Learn from Faculty

Steven Myers, Associate Professor of Computer Science and Informatics at Indiana University Bloomington, explains the nuances and intricacies of password/passphrase authentication. He thoroughly explains HOW and WHY passphrases are vastly superior to old, short passwords:


Passphrases in brief

What is a passphrase?

A passphrase is simply a different way of thinking about a much longer password. Dictionary words and names are no longer restricted. In fact, one of the very few restrictions is the length - 15 characters. Your passphrase can be a favorite song lyric, quote from a book, magazine, or movie, or something your kids said last week. It's really that easy.

Better security

IU account passwords protect all sorts of valuable data — personal finances, university finances, HR data, student data, etc.
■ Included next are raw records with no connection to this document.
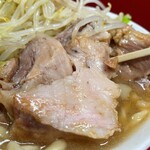 ラーメン二郎 - 【再訪】半分以上が脂の豚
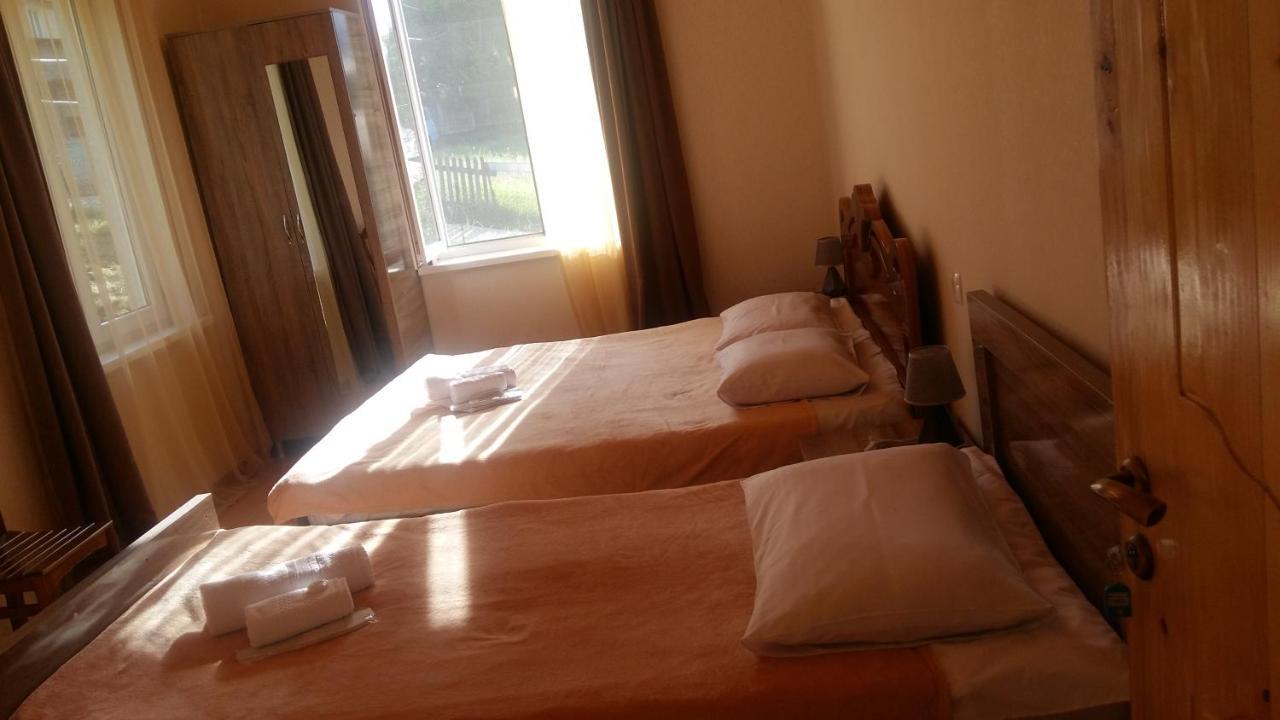 Guesthouse Guram Baba Местія Екстер'єр фото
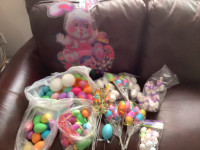 SELECTION OF EASTER DECOR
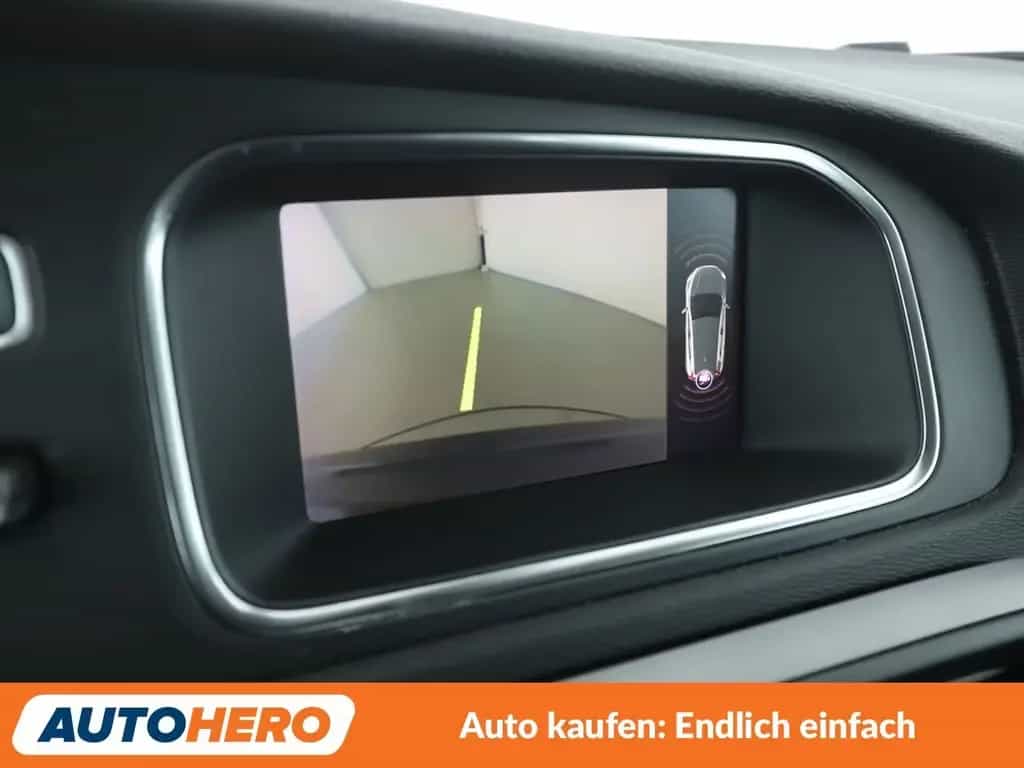 Volvo V40 2.0 T2 Momentum *NAV*TEMP*CAM*PDC*SHZ*ALU* 05/2019-photo-21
Would you want the people with access to all your information using old, insecure passwords? Better security is provided by increasing the length of a password to a minimum of fifteen characters. ALL IU users should consider the risks and switch today.

Almost anything goes

The restrictions of numbers and/or symbols in certain places in your password are gone. Passphrases can be simple short sentences of five or six words with spaces, using natural language. Since you type emails and such every day, typing in natural language shouldn't be anything new.

A happy medium

Passphrases bring into balance the trade-off between hard to remember but much more secure passwords, and easy to remember but much less secure passwords. By extending the length, IU is able to reduce the complexity requirement, and offer passwords that can allow virtually any character, word, or symbol.


More information

One of the weakest links in the security process is the use of passwords. However, people use passwords every day and rely on the security of those passwords to protect information and data that is extremely valuable, be it their financial portfolio, confidential health information, private emails, business correspondence or online banking data. The security of a user's data is only as strong as the weakest link, and more often than not, that weak link is the poor choice users make when choosing a password.
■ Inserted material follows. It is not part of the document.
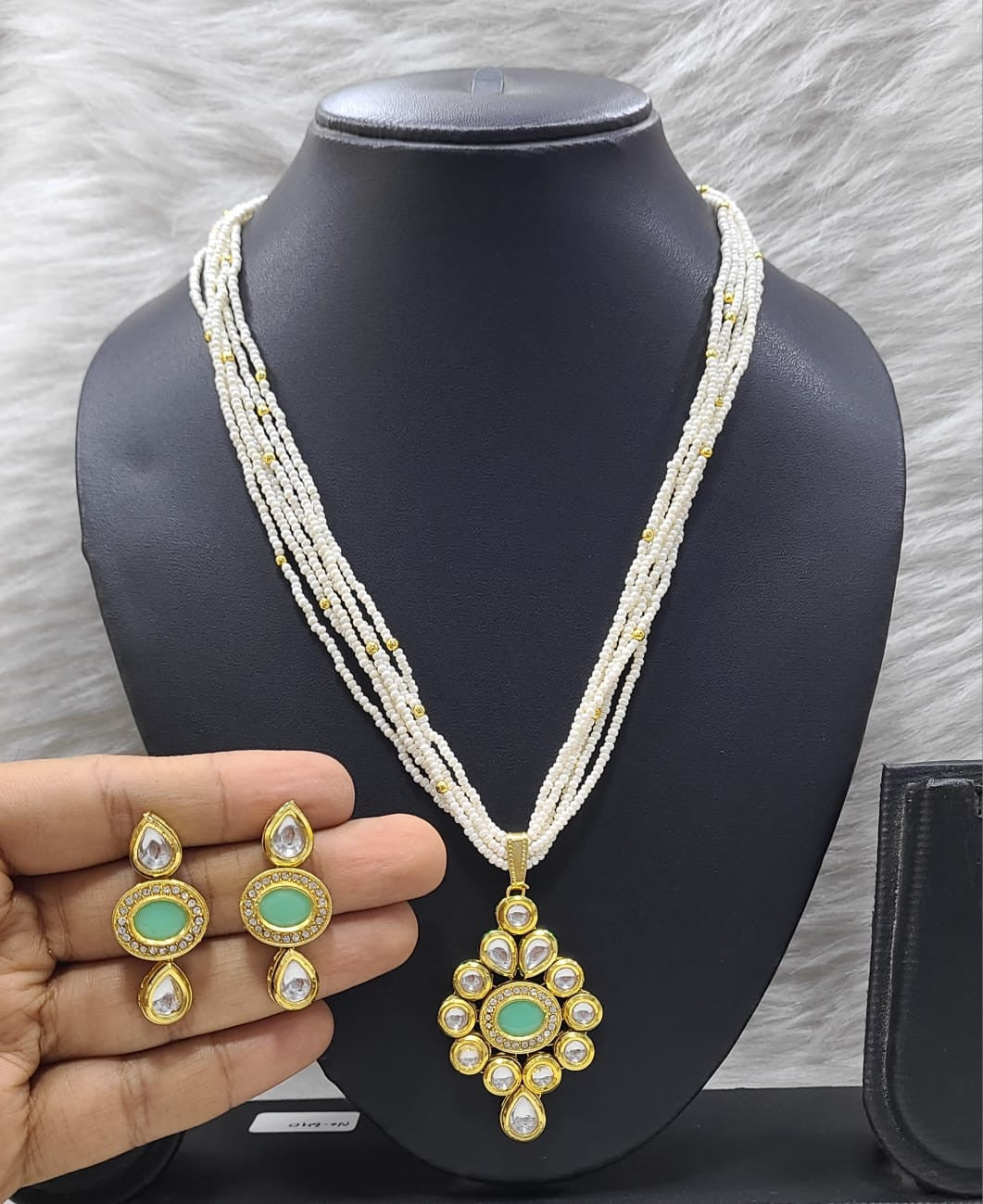 Mystic Inspiration Kundan Pendant with necklace earring set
One option would be to assign users their passwords, rather than allowing them to pick their own. In practice this usually isn't feasible because users often have a hard time remembering their assigned password. This can lead them to write it down and store it insecurely, or it can lead to an increased support burden of having to perform multiple password resets. So ultimately, system administrators usually allow users to pick their own passwords.

However, allowing users to pick their own passwords comes with another set of problems. Humans are notoriously bad when it comes to picking things at random. In a truly random password, the probability should be equal of any given character appearing at any position in the password. When we look at typical passwords that users pick we do not find that same probability to be true. Some of the reasons for this are the very same reasons why users have a hard time remembering truly random passwords in the first place

Passwords are hard to remember.

We know from memory studies that most people have trouble remembering more than seven or so unrelated items. So what do people do when they need to remember multiple items? They relate them in some way. In other words, they impose some kind of order or apply various rules that will help them remember. Users may or may not even be conscious of the fact that they're constraining their passwords in this way. At some level, it's just human nature to do so.
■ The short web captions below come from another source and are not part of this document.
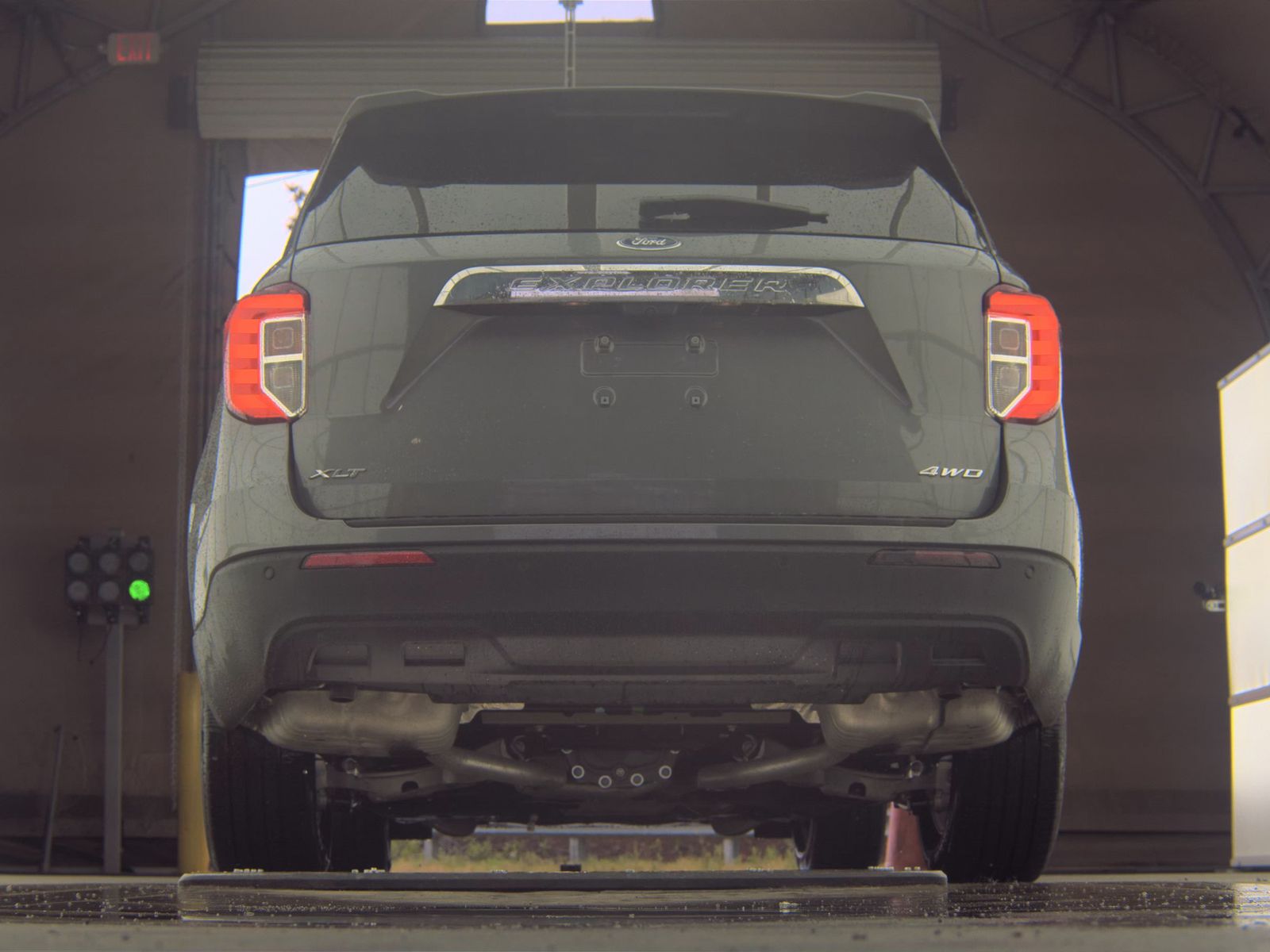 FORD EXPLORER - 8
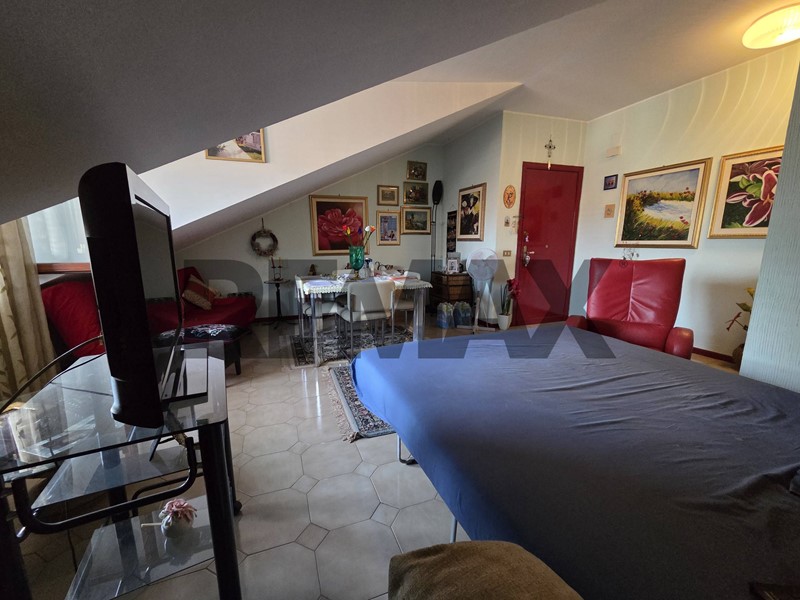 Appartamento in Vendita a Sant'Agata li Battiati, 89'000&euro;, 157 m²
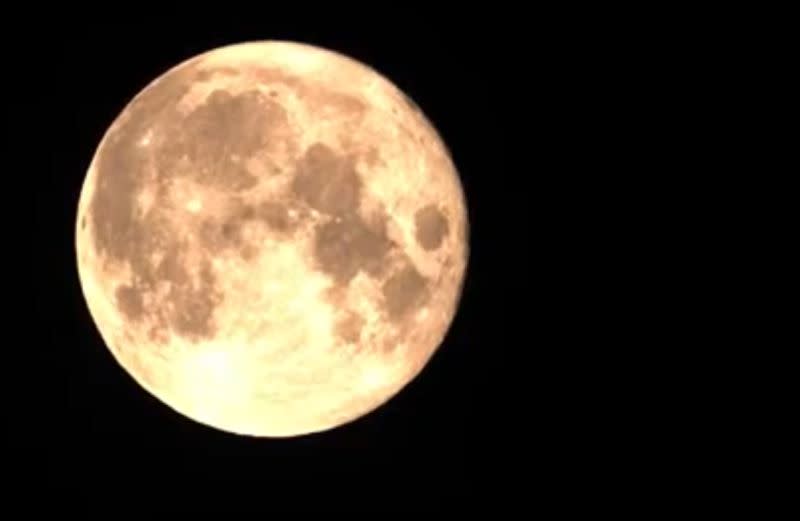 ▲北市天文館分享從該館第一觀測室所見的滿月。（圖／翻攝臺北市立天文科學教育館Youtube）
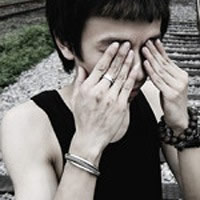 ʱ�г�����ק����ͷ�����ڸ���ǰ�ص��������������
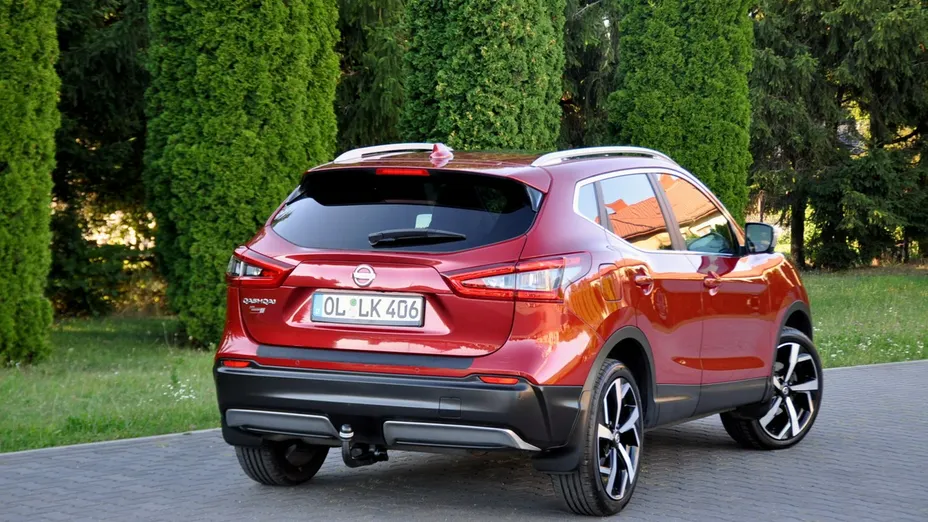 NISSAN Qashqai -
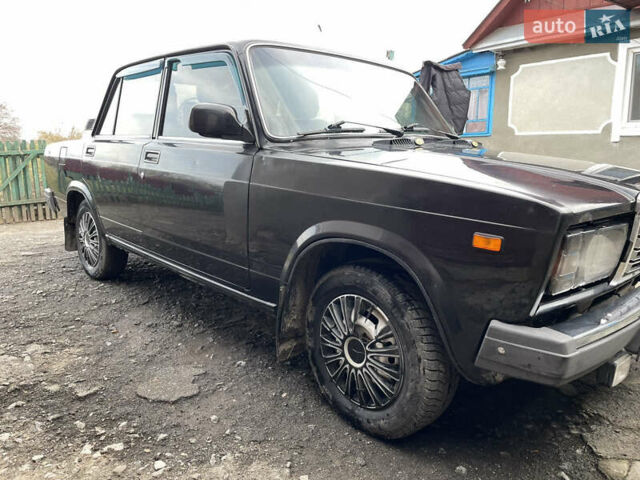 Черный ВАЗ 2107, объемом двигателя 1.45 л и пробегом 6 тыс. км за 1250 $, фото 3 на Automoto.ua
Remembering the password in your brain is not the only memory that comes into play. "Muscle memory" becomes a factor as well. In fact, users may only need to remember their passwords long enough until their fingers start to remember how to type them. I'm sure we've all had the experience where we couldn't "remember" a phone number and were unable to recite it to someone else. However, if we picked up the phone and started to dial it, we'd quickly be able to tell the other person the digits of the phone number.

Since people need to type their passwords they prefer to pick characters that they can easily type on the keyboard. Using common keystrokes that are related to each other makes it that much easier to commit the password to muscle memory. So by definition, the common keystrokes people often type are the same common keystrokes they use to type everyday words. When we start to examine the passwords that users pick we find that people tend to prefer certain character combinations, as well as certain types of characters, over others.

People make for a poor /dev/random

In general, people show a preference to alpha characters over numeric characters and numeric characters over symbol characters. Among the alpha characters, people prefer lowercase over uppercase and among the symbols characters, people prefer the "upper row" (above the keyboard numerals) over the other symbol characters on the keyboard. Furthermore, we're more likely to find certain characters in predictable places in the password. We find that numbers and symbols are placed at the very end or the very beginning of the password more often than other positions in the password.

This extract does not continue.